I found this table from a Canadian school test. It seems very different but the test method was not specified.

image

In theory this is a good test to work out what is going on as it should be quite cheap (ie no cost) and only trainable to a limited extent.

This is a more through analysis that also addresses aging issues.
hardwick-et-al-2022-age-related-increases-in-reaction-time-result-from-slower-preparation-not-delayed-initiation.pdf (1.0 MB)

The test won’t be accurate for those using a Bluetooth keyboard or mouse because of the communication latency. The Bluetooth latency can add 1 - 20 ms to your time depending on the quality of your Bluetooth mouse or keyboard.

That’s a good point.
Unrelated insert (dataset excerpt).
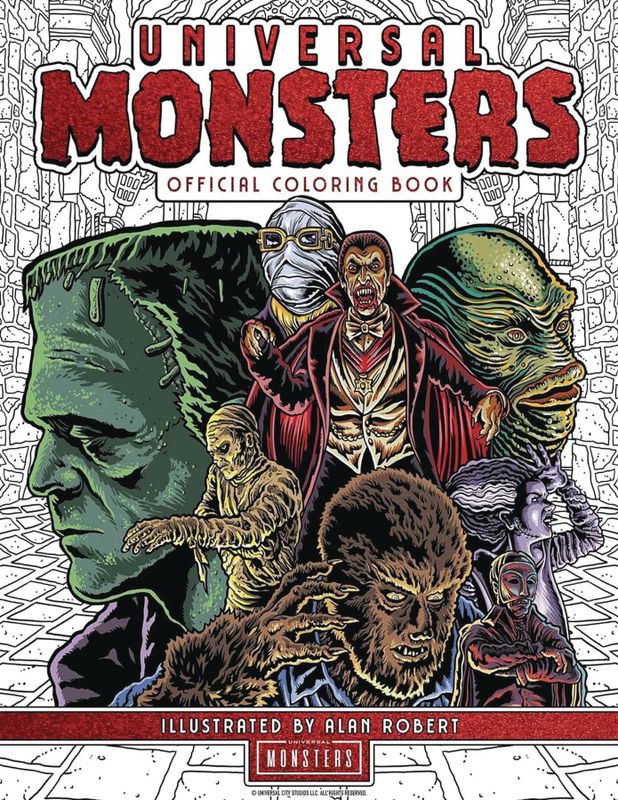 UNIVERSAL MONSTERS OFFICIAL COLORING BOOK SC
You do need a clicking device that does not add delay.

All the processing should be local using javascript.

0.222 first time 0.20 something second 0.196 third, it got worse after this.

0.195, felt the easiest to me.

This one isn’t good, have to click another button.

There’s no way average reaction speed is 0.45 for 19 years old.

Agreed if comparing with the initial tests posted. Because of the source, I suspect their values are correct but are based on a different test methodology. See the article I posted immediately after that for a much better analysis, including the parameters of change related to aging.

I just tried the other tests. They appear to be coded differently. I get a stable pattern on each the distribution of which is significantly different between test types.

It’s not useful without the methodology and is just misleading, imo.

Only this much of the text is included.